Así se sostiene que: “…Violencia de género también es violencia, pero se nutre de otros componentes, diferentes a aquéllos que caracterizan a los crímenes violentos convencionales: un sujeto pasivo femenino, un sujeto activo masculino y un contexto específico en que germina la conducta para doblegar y someter a la víctima… violencia de género es violencia contra la mujer, pero no toda violencia contra la mujer es violencia de género. Esta presupone un espacio ambiental específico de comisión y una determinada relación entre la víctima y el agresor… En nuestro ordenamiento interno, la Ley 26.485 de Protección Integral para Prevenir, Sancionar y Erradicar la Violencia Contra las Mujeres en los Ambitos en que Desarrollen sus Relaciones Interpersonales, es una norma orientada pura y exclusivamente a promover y garantizar el reconocimiento y protección de los derechos de las ‘mujeres’…”. La ley define a la violencia contra las mujeres como “toda conducta, acción u omisión, que de manera directa o indirecta, tanto en el ámbito público como en el privado, basada en una relación desigual de poder, afecte su vida, libertad, dignidad, integridad física, psicológica, sexual, económica o patrimonial, como así también su seguridad personal…”.
En el mismo sentido se considera en cuanto al bien jurídico protegido que: “…el fundamento de la mayor penalidad debemos buscarlo, como decíamos, en la condición del sujeto pasivo y en las circunstancias especiales de su comisión: violencia ejercida en un contexto de género. De aquí que el asesinato de cualquier mujer, en cualquier circunstancia, no implica siempre y en todo caso femicidio, sino solo aquélla muerte provocada en un ámbito situacional específico, que es aquél en el que existe una situación de subordinación y sometimiento de la mujer hacia el varón, basada en una relación desigual de poder. Solo desde esta perspectiva, merced a este componente adicional que acompaña a la conducta típica (plus del tipo de injusto: la relación desigual de poder) se puede justificar la agravación de la pena cuando el autor del homicidio es un hombre y la víctima una mujer. De otro modo se estaría concediendo mayor valor a la vida de una mujer que a la de un hombre, en iguales circunstancias, lo cual pondría de manifiesto un difícil e insalvable conflicto de constitucionalidad…”.

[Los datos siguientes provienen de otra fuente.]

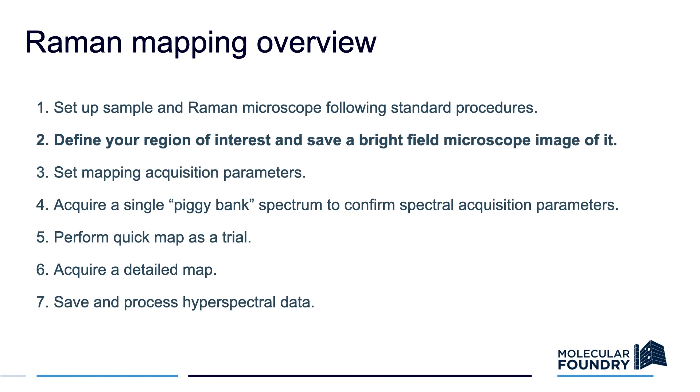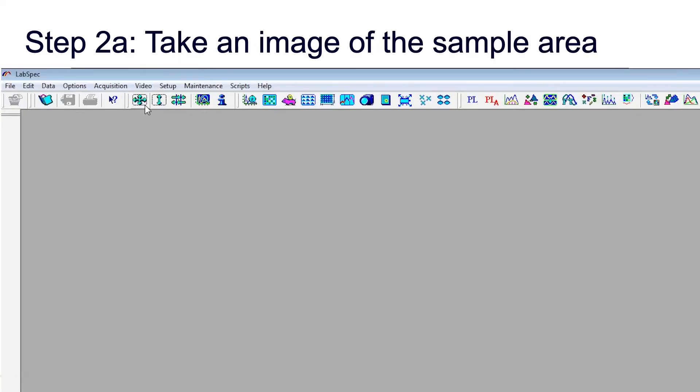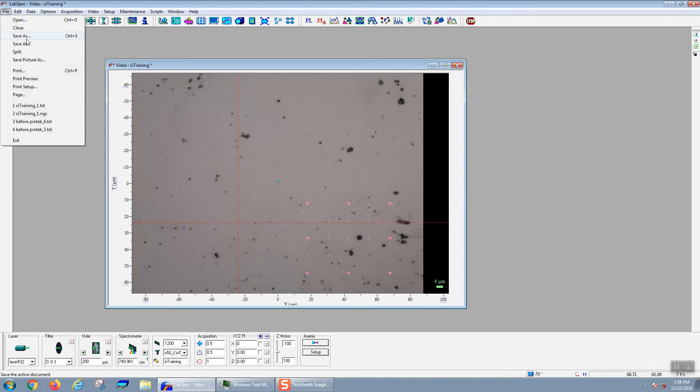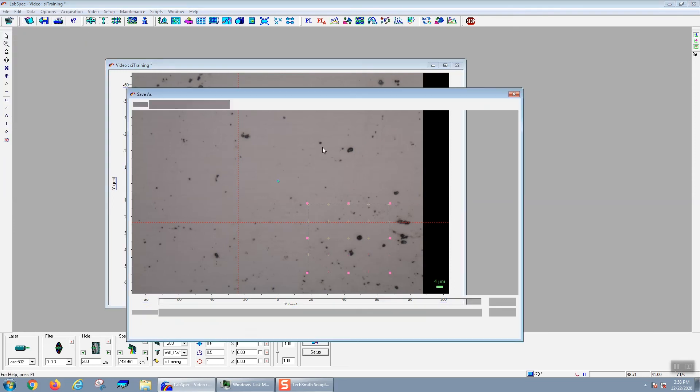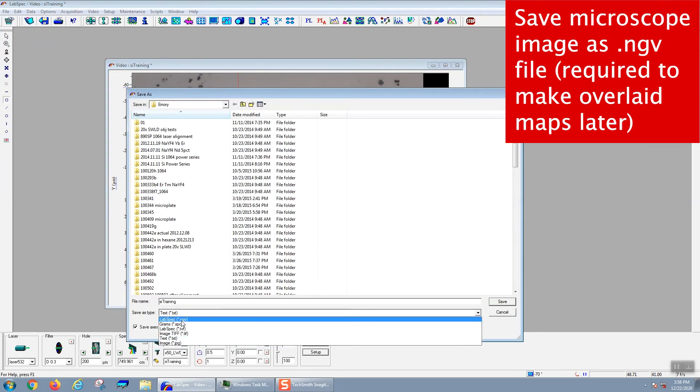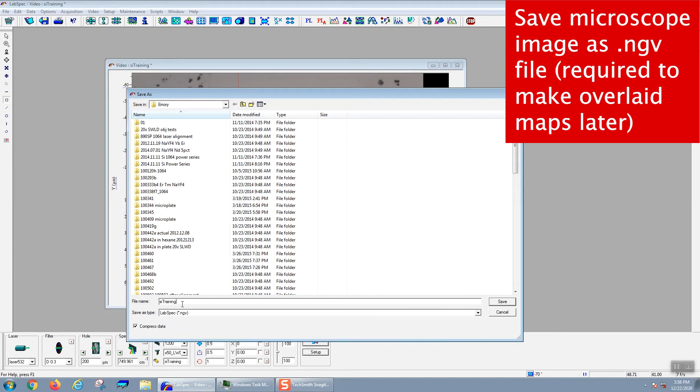Step two, defining our region of interest and saving a brightfield microscope image. Once you've set up the Raman microscope and your sample, you want to use the camera icon to take an image of your sample around the area that you want to map. Once you've stopped the camera to freeze that image, you can go to File Save As to save your image in the .ngv format. It's important that you save it in this format because this allows you to overlay your image onto your hyperspectral map.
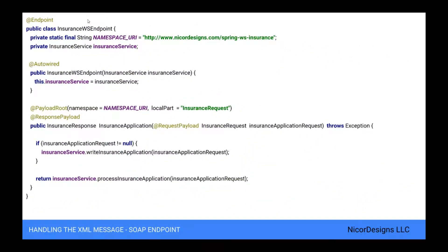The InsuranceWS endpoint class is annotated with @Endpoint. This marks it as a component type suitable for handling XML messages in Spring web services, and it makes it eligible for component scanning. The InsuranceWS endpoint requires the insurance service business service to operate, so we inject the dependency via the constructor and annotate it with @Autowired.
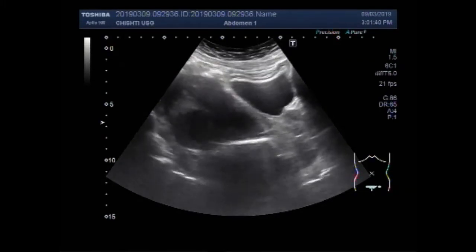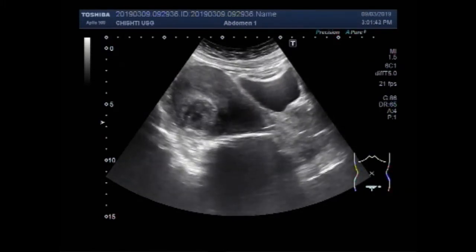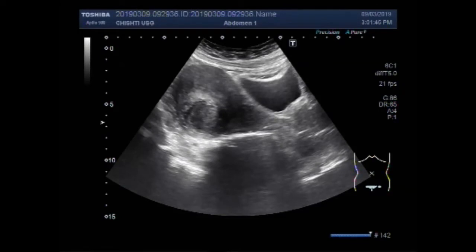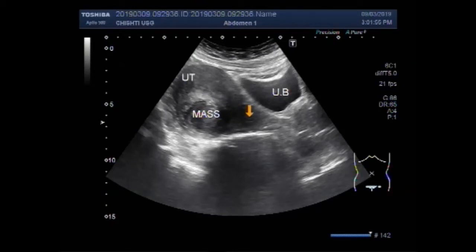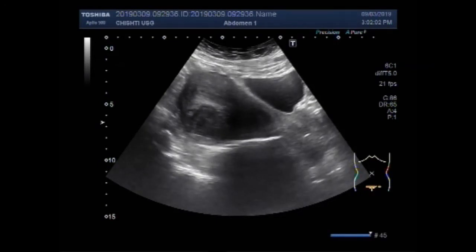This ultrasound video shows a uterine mass. You can see this is your bladder, this is the uterus, and this one is the mass in the posterior wall of the uterus, in the middle portion of the uterus near the posterior wall.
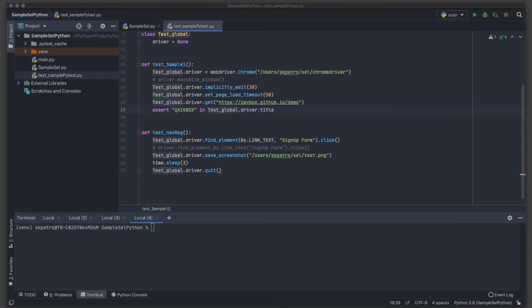Welcome back to our Python series. Today we are going to see what is a virtual environment, what is the requirements.txt file, and what are the usages of these two concepts in Python.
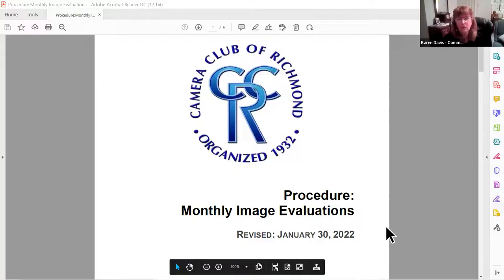Welcome, everyone. My name is Karen Davis, and I'm the Communications and Publications Director for the Camera Club of Richmond. Tonight we're going to talk about our image evaluation — what it is, who is involved, how you participate, and all of those aspects. The best way to guide us through this is for me to share my screen and actually show you the procedures.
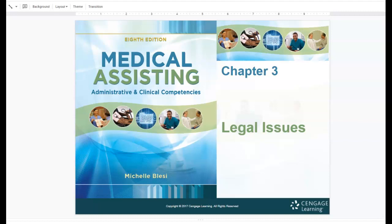Welcome to Chapter 3 Legal Issues lecture. In this chapter, we're going to discuss the legal issues that could be brought up in health care, medical law, and how it impacts you as a medical assistant.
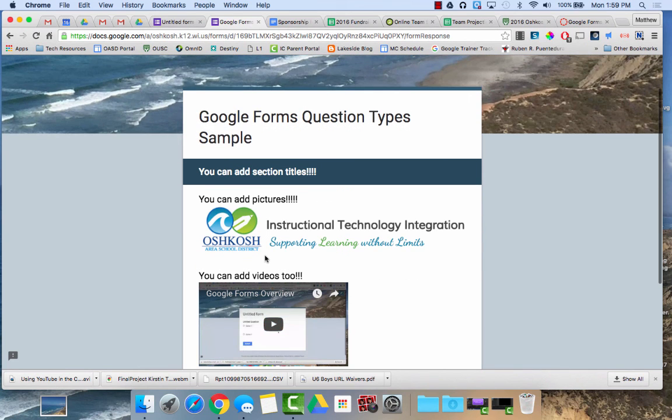So that's an overview of the different types of questions you can have in Google Forms. If you have any questions don't hesitate to let us know. Thanks and have a great day.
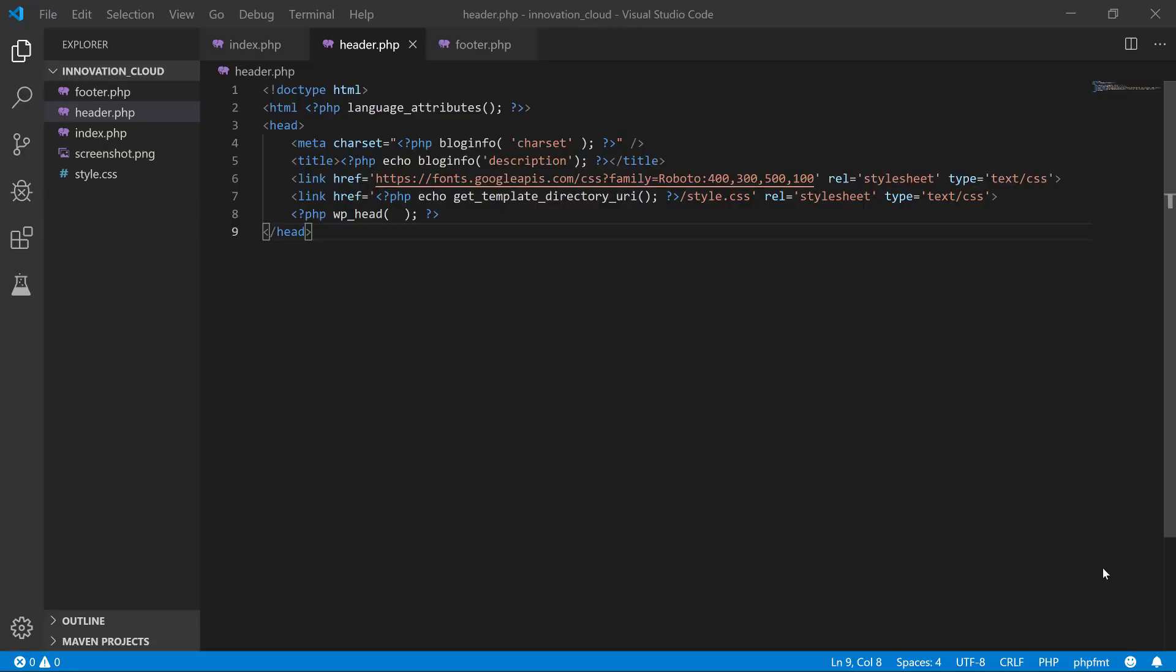Hey there and welcome to this video where we implement a theme in WordPress. We have done a lot here, but there is one thing that we're missing a little bit, and that is the functions.php file that we have not created. So why should we use a functions.php file?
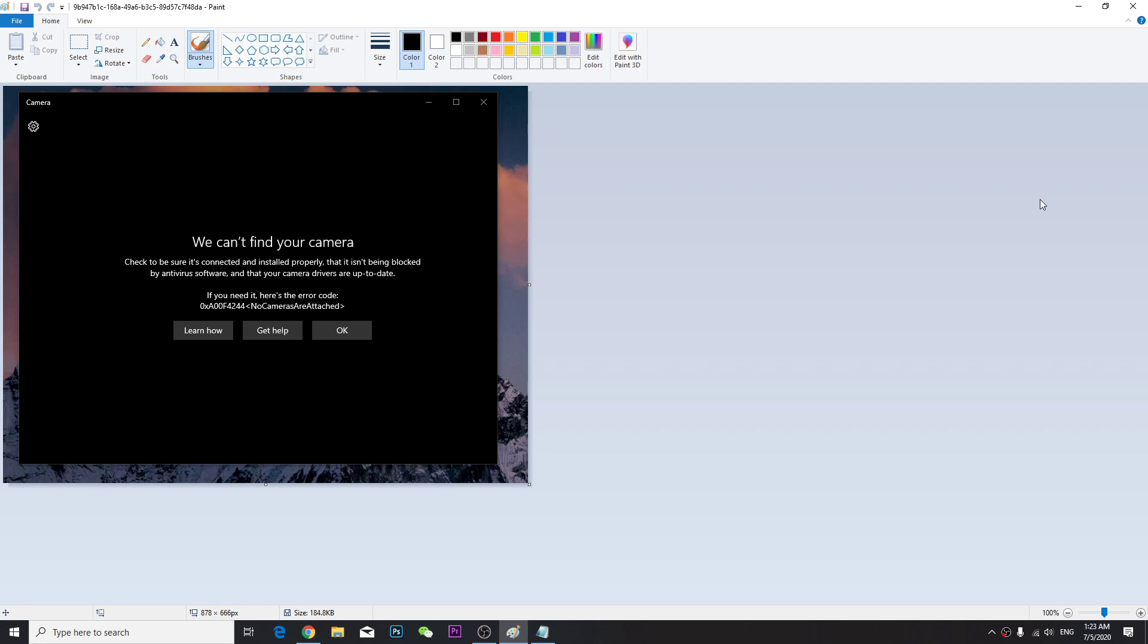Hey guys, so recently I've been having this problem on my laptop. It said 'We cannot find your camera' with this error code. I already fixed the problem and I'm going to show you the solutions on my desktop.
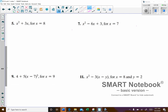Moving on to our next example. We have X squared plus 3 times X. Our X value is going to be 8. We'll have 8 to the power of 2 plus 3 times 8. Order of operations — we'll square first.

Relación desigual de poder
De igual manera se ha dicho que el “femicidio” abarca: “…aquel, en el que existe una situación y sometimiento de la mujer hacia el varón, basada en una relación desigual de poder… y el decreto 1011/2010 en su art. 4 define la ‘relación desigual de poder’ consignando: ‘Se entiende por relación desigual de poder, la que se configura por prácticas socioculturales históricas basadas en la idea de inferioridad de las mujeres o la superioridad de los varones, o en condiciones estereotipadas de hombres y mujeres, que limitan total o parcialmente el reconocimiento o goce de los derechos de estas, en cualquier ámbito en que se desarrollen sus relaciones interpersonales… Si bien el texto penal no exige que la muerte de una mujer causada por un hombre, mediando violencia de género, tenga lugar en ámbitos íntimos o intervinientes conocidos, de acuerdo a los estudios de campo realizados, estadísticamente son protagonizados mayoritariamente por esposos, novios, concubinos o amantes, más que por otras personas y se producen en situaciones de pareja que dimanan de ciertas características que podrían denominarse constantes, cuales son: el control de la mujer como sinónimo de posesión y con la idea de dominarla; los celos patológicos; el aislamiento de la víctima de su familia y amigos para perpetuar la violencia; el acoso, que embota las capacidades críticas y el juicio de la ofendida; la denigración y las humillaciones y las indiferencias ante sus demandas afectivas, entre otras…” .
Bajo esa línea argumentativa, Echevarría, Galli y Arecha entendieron que se dan absolutamente los presupuestos fácticos para que en este caso se pueda hablar de “violencia de género”, ya que existió lo que se denomina “un contexto de género”, y un cuadro situacional prolongado, en el que estuvieron siempre involucradas cuestiones de esa índole por la calidad de expareja que tenía la víctima.